Monday, June 18, 2007

Tri Again: Week Five Training Recap

This week was an improvement over last week’s unintentional slacking. Good thing, since it’s also the halfway point to July’s triathlon. I expect this coming week to be horrible because I’m switching to an early morning class schedule, but I’m hoping to maintain the quantity of training time and as well as improve the quality.

Sunday 10 June: a neighborhood ralk of 4.5 miles.

Monday 11 June: morning Pilates, and after class, a 30 minute session on the elliptical varying the resistance between high, very high and are you kidding me?, followed by a 25 minute fast walk on the track and 45 minutes of weight training.

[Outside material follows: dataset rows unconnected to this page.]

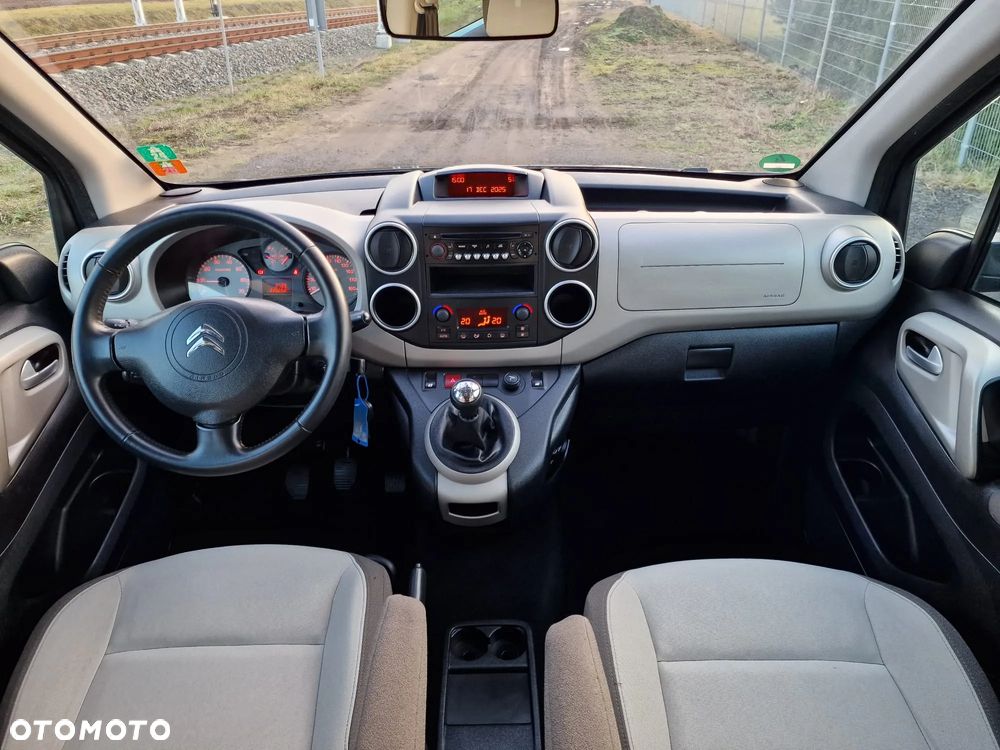 Citroën Berlingo Multispace HDi 115 FAP Exclusive - 14
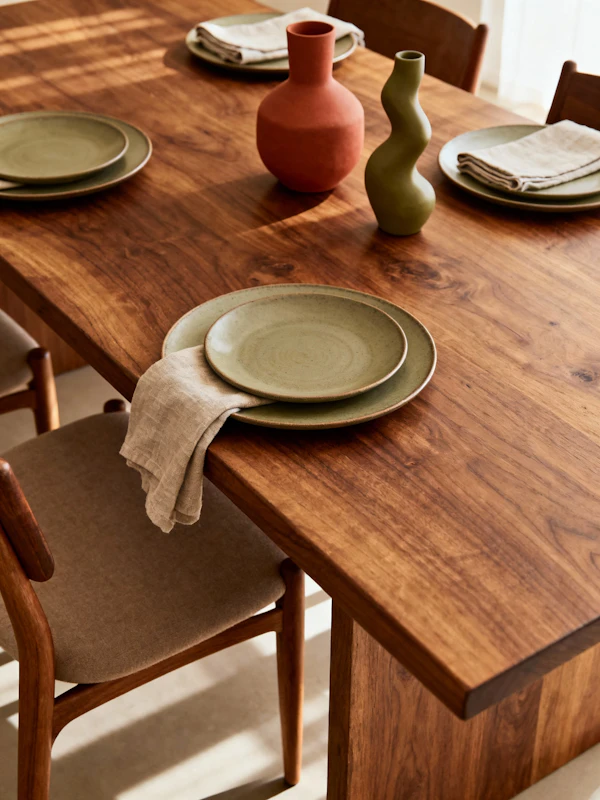 Elegant Dining Setup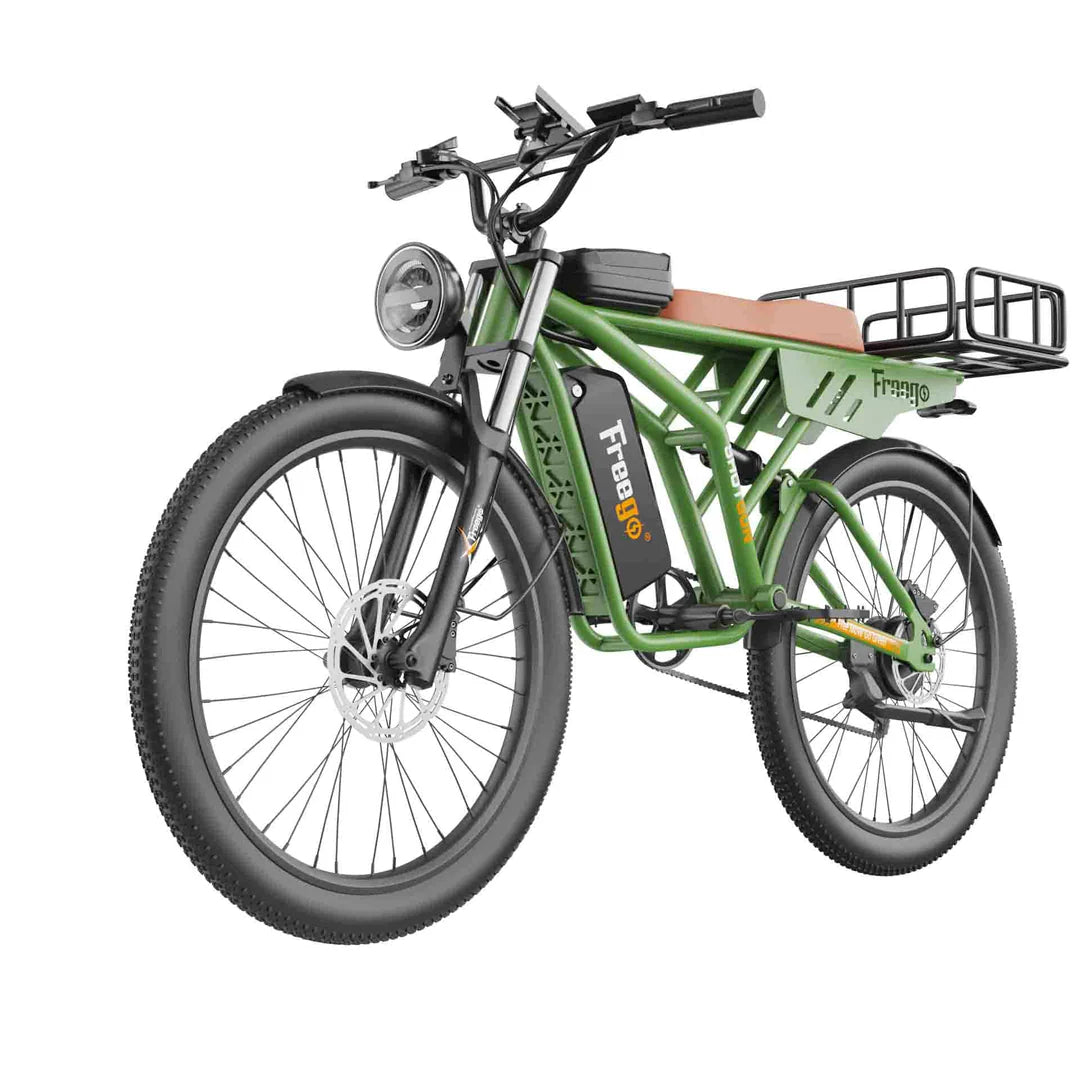 Freego Shotgun Neo F4 Ebike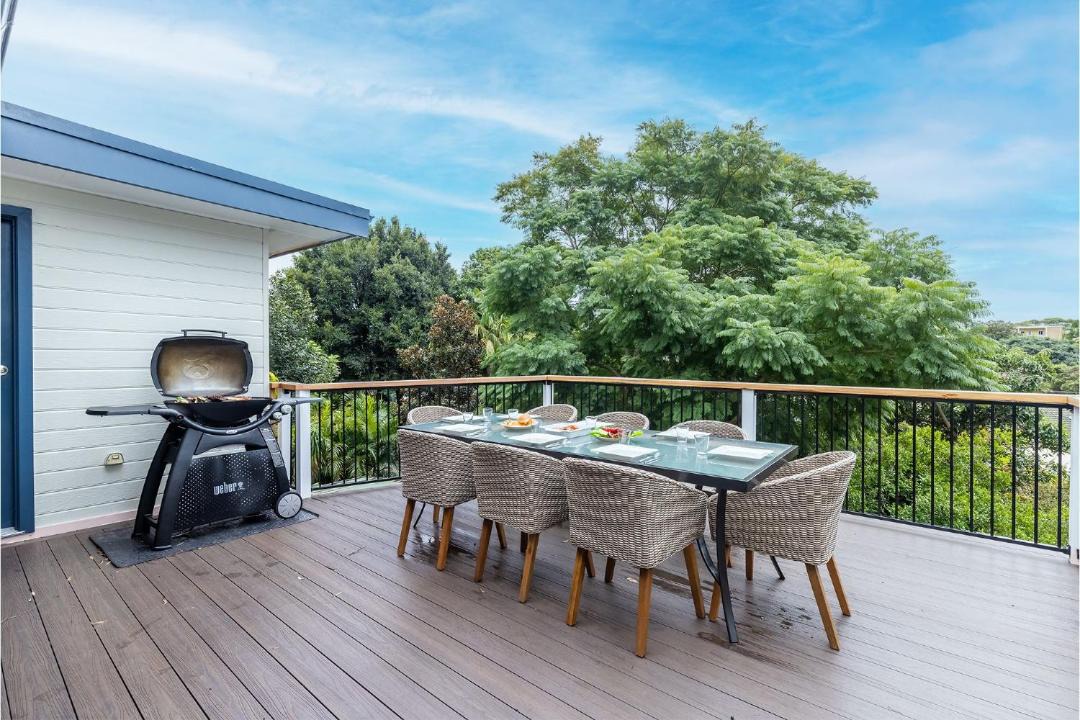 Photo of Patio Balcony in Nelson Bay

Tuesday 12 June: my second Aquachef encounter, the "highlight" (or not) of a 35 minute swim workout.

Wednesday 13 June: morning Pilates and, after class, a 40 minute ralk on the track. When I went to pick up the "svimmink" books as instructed, Aquachef noted "Ya, I vent svimmink again zis morning but zere vas no one zere. I vas all alone." He then proceeded to critique my form, noting I lacked extension in the arms and "had too much drag." I know he means well, but I wish he’d stick to criticizing the uneven seams of my baguettes and the fact that my challah always looks slightly, well, larval.

Thursday 14 June: 30 minutes on the elliptical at high/crazyhigh resistance, followed by half an hour of weight training.

Friday 15 June: a 40 minute pool workout (Zere vas no one zere. I vas all alone. Yay!). Instead of just doing laps, I tried one of the drills in one of the books Aquachef gave me on Wednesday. Eh. I didn’t feel I got a super good workout, but I will say that the next morning my legs felt a little more used than they usually do after a swim, so I guess that’s something. This coming week I vill vork on improving my extension and reducing my drag, ya.

Saturday 16 June: a "physical rest day," since I’ve worked out nine days in a row. But an important "mental day." After morning Pilates and errands, Wiley and I made the six hour round-trip to the triathlon site in Massachusetts, south of Worcester. I had to see Mt. Doom and the rest of the bike course with my own eyes, because my overactive imagination had created a black, lava-spewing mountain of pain and torment. Not that there’s anything wrong with that. Everything has its time and place. I just don’t want to be biking up it.

So, anyway, we hit the road on a beautiful day, clear and warm but breezy, not a cloud in the sky. It’s a beautiful drive, too, up along the Taconic State Parkway and then through the Berkshires. As we neared Worcester, the sky turned black. Pouring rain. Lightning. I worried it was some kind of omen (ya think?).

Then, oddly enough, just as I turned off the Interstate, the rain stopped. The sky cleared. The sun came out. I found the bike course and drove it, tensed for the appearance of Mt. Doom. Uhmmm... Couldn’t find it. Circled back around, checked the directions I’d downloaded and confirmed yes, this is the bike course. No giant black mountain. No lava spewing hellfire. Not even a single flying monkey.

The course profile posted online has to be wrong. Yes, there are hills, and there is one very long, fairly steep hill right about where Mt. Doom should have been, but the landscape is almost identical to the hills around my house where I’ve been riding. In fact, for the last six or seven miles of the course, it’s much flatter than where I live. Ha!

Ha!!

It’s actually a gorgeous course, mostly through residential areas and dense, undeveloped forest. Much more Lothlorien than Mordor. There is a portion on the downhill of what I guess is Mt. Doom where the paving is very old and broken up. I could see hitting a pothole there at speed and being very, very unhappy. There are also two very sharp turns, one at the base of the Mt. Doom downhill and another on a very short but very steep uphill. But overall it looks challenging but manageable.

Whew.

On the way home, we stopped at a Trader Joe’s outside Worcester to stock up on salmon, almond meal and roasted red pepper soup. I always wonder how TJ’s manages to have such cool stuff for so little money. The answer probably involves torturing cows and using child slave labor, so I probably don’t want to know too much. Better just to enjoy my $4.99/lb wild salmon and not ask questions.